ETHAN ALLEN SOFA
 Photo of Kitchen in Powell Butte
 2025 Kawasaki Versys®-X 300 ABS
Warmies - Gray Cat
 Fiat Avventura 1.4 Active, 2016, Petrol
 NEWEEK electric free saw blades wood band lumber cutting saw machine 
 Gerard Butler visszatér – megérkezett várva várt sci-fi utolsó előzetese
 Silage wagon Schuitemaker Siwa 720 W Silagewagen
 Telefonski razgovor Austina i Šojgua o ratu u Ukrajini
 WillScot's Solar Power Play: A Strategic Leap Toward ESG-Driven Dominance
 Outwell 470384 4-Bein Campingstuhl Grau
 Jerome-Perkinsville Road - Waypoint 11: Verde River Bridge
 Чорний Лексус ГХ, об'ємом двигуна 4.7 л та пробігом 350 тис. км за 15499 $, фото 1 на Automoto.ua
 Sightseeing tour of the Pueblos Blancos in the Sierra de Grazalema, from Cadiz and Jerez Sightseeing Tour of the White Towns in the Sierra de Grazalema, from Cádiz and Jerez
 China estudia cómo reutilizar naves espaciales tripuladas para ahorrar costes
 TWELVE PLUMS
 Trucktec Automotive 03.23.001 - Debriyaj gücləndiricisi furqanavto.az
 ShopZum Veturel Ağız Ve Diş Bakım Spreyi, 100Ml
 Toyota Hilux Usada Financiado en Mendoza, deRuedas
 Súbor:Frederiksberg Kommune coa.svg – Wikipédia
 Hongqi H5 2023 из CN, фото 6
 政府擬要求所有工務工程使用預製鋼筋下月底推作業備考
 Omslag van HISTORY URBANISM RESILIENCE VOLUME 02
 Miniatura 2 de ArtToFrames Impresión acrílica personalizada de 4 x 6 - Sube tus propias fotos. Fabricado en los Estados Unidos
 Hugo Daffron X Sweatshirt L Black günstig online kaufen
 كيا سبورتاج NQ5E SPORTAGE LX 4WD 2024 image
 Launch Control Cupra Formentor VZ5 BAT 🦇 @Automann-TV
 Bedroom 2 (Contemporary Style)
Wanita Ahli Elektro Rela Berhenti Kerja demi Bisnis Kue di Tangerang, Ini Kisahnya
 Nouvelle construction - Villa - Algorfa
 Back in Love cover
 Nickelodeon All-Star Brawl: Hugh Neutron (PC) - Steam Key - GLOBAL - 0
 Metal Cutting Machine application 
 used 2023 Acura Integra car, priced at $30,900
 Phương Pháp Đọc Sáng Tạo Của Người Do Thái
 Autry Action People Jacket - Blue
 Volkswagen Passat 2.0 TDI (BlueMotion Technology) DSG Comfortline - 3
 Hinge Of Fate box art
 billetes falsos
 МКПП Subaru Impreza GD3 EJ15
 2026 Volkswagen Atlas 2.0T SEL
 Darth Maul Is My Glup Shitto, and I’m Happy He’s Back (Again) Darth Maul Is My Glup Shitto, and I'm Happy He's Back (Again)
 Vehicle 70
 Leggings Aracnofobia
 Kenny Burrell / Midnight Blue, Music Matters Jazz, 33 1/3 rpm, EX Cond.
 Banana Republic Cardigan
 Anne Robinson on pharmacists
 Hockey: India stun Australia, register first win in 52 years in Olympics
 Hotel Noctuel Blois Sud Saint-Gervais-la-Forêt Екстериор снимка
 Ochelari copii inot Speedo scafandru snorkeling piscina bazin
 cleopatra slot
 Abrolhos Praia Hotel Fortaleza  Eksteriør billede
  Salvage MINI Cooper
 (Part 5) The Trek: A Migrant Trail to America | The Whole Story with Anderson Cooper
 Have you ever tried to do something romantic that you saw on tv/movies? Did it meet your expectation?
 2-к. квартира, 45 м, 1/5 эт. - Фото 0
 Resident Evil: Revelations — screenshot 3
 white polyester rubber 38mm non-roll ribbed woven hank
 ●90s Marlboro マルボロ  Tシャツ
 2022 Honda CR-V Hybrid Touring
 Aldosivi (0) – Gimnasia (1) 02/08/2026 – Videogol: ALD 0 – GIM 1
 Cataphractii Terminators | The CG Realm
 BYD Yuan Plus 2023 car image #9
══════════
§ WORK REQUEST: Print out the entire listing above without any change.

§ EXERCISE SOLUTION:
ETHAN ALLEN SOFA
 Photo of Kitchen in Powell Butte
 2025 Kawasaki Versys®-X 300 ABS
Warmies - Gray Cat
 Fiat Avventura 1.4 Active, 2016, Petrol
 NEWEEK electric free saw blades wood band lumber cutting saw machine 
 Gerard Butler visszatér – megérkezett várva várt sci-fi utolsó előzetese
 Silage wagon Schuitemaker Siwa 720 W Silagewagen
 Telefonski razgovor Austina i Šojgua o ratu u Ukrajini
 WillScot's Solar Power Play: A Strategic Leap Toward ESG-Driven Dominance
 Outwell 470384 4-Bein Campingstuhl Grau
 Jerome-Perkinsville Road - Waypoint 11: Verde River Bridge
 Чорний Лексус ГХ, об'ємом двигуна 4.7 л та пробігом 350 тис. км за 15499 $, фото 1 на Automoto.ua
 Sightseeing tour of the Pueblos Blancos in the Sierra de Grazalema, from Cadiz and Jerez Sightseeing Tour of the White Towns in the Sierra de Grazalema, from Cádiz and Jerez
 China estudia cómo reutilizar naves espaciales tripuladas para ahorrar costes
 TWELVE PLUMS
 Trucktec Automotive 03.23.001 - Debriyaj gücləndiricisi furqanavto.az
 ShopZum Veturel Ağız Ve Diş Bakım Spreyi, 100Ml
 Toyota Hilux Usada Financiado en Mendoza, deRuedas
 Súbor:Frederiksberg Kommune coa.svg – Wikipédia
 Hongqi H5 2023 из CN, фото 6
 政府擬要求所有工務工程使用預製鋼筋下月底推作業備考
 Omslag van HISTORY URBANISM RESILIENCE VOLUME 02
 Miniatura 2 de ArtToFrames Impresión acrílica personalizada de 4 x 6 - Sube tus propias fotos. Fabricado en los Estados Unidos
 Hugo Daffron X Sweatshirt L Black günstig online kaufen
 كيا سبورتاج NQ5E SPORTAGE LX 4WD 2024 image
 Launch Control Cupra Formentor VZ5 BAT 🦇 @Automann-TV
 Bedroom 2 (Contemporary Style)
Wanita Ahli Elektro Rela Berhenti Kerja demi Bisnis Kue di Tangerang, Ini Kisahnya
 Nouvelle construction - Villa - Algorfa
 Back in Love cover
 Nickelodeon All-Star Brawl: Hugh Neutron (PC) - Steam Key - GLOBAL - 0
 Metal Cutting Machine application 
 used 2023 Acura Integra car, priced at $30,900
 Phương Pháp Đọc Sáng Tạo Của Người Do Thái
 Autry Action People Jacket - Blue
 Volkswagen Passat 2.0 TDI (BlueMotion Technology) DSG Comfortline - 3
 Hinge Of Fate box art
 billetes falsos
 МКПП Subaru Impreza GD3 EJ15
 2026 Volkswagen Atlas 2.0T SEL
 Darth Maul Is My Glup Shitto, and I’m Happy He’s Back (Again) Darth Maul Is My Glup Shitto, and I'm Happy He's Back (Again)
 Vehicle 70
 Leggings Aracnofobia
 Kenny Burrell / Midnight Blue, Music Matters Jazz, 33 1/3 rpm, EX Cond.
 Banana Republic Cardigan
 Anne Robinson on pharmacists
 Hockey: India stun Australia, register first win in 52 years in Olympics
 Hotel Noctuel Blois Sud Saint-Gervais-la-Forêt Екстериор снимка
 Ochelari copii inot Speedo scafandru snorkeling piscina bazin
 cleopatra slot
 Abrolhos Praia Hotel Fortaleza  Eksteriør billede
  Salvage MINI Cooper
 (Part 5) The Trek: A Migrant Trail to America | The Whole Story with Anderson Cooper
 Have you ever tried to do something romantic that you saw on tv/movies? Did it meet your expectation?
 2-к. квартира, 45 м, 1/5 эт. - Фото 0
 Resident Evil: Revelations — screenshot 3
 white polyester rubber 38mm non-roll ribbed woven hank
 ●90s Marlboro マルボロ  Tシャツ
 2022 Honda CR-V Hybrid Touring
 Aldosivi (0) – Gimnasia (1) 02/08/2026 – Videogol: ALD 0 – GIM 1
 Cataphractii Terminators | The CG Realm
 BYD Yuan Plus 2023 car image #9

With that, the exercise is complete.